The Green Party would not exist, at the national level, unless it were possible to convince some gullible people that the difference between 15 and 12 is equal to the difference between 15 and zero. You and others might be right that attacking people who are this mathematically challenged isn't the best way to change their minds. But do you really think that changing the numbers around is going to make a difference in the land where (15-12)=(15-0)?
A lot of people who end up voting Green, or not voting, are young people who like the idea of "sticking it to the system, dude." Yes, it's tricky to reach people like that, but then again it's tricky to reach all kinds of irrational voters, Trump voters included. But I have serious doubts that shifting the platform left will make much if any difference. After all, the Dems have been moving left since 2000, and they moved the platform left in 2016, and that didn't stop Jill Stein and Susan Sarandon and the rest of them from saying that Clinton was worse than Trump.
The Greens, having no hope of winning, can propose any kind of fantasy and than attack the Dems for not matching them.
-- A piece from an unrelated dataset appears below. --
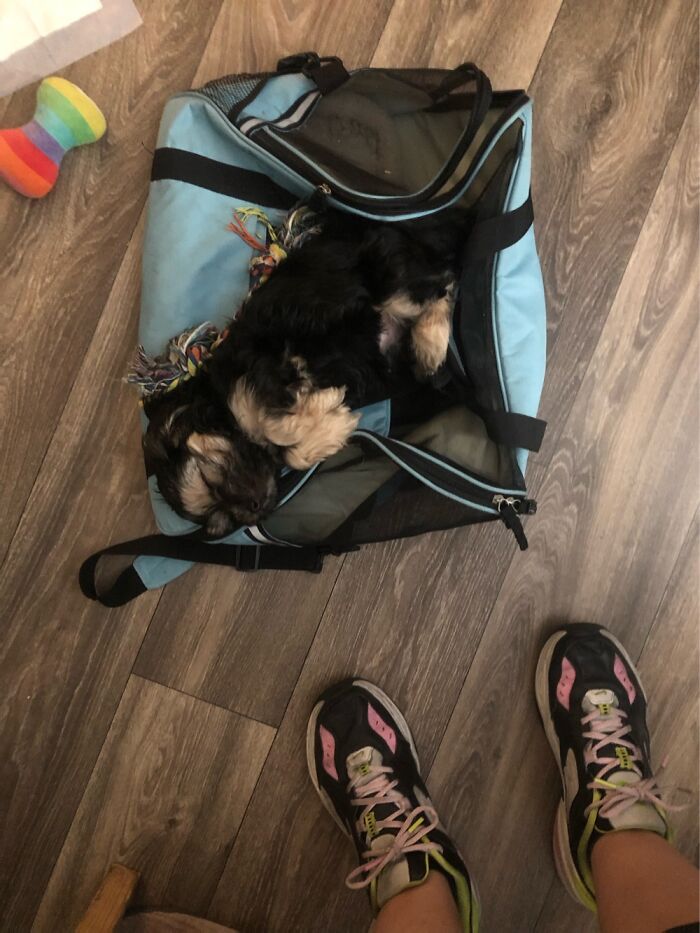 Hey Pandas, Show Us Your Roommate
Remember Stein's "forgive college debt with quantitative easing, which is a magic trick" thing? It's impossible for a serious Democratic candidate to propose something like that, not because they aren't "progressive" enough, but because that's just idiotic. So it will always be possible for the Greens to be to the "left" of the Dems, and accuse the Dems of being corporate sellouts for not supporting whatever impossibly dumb thing they come up with. That's their game.
I say confront the Greens with the truth, instead.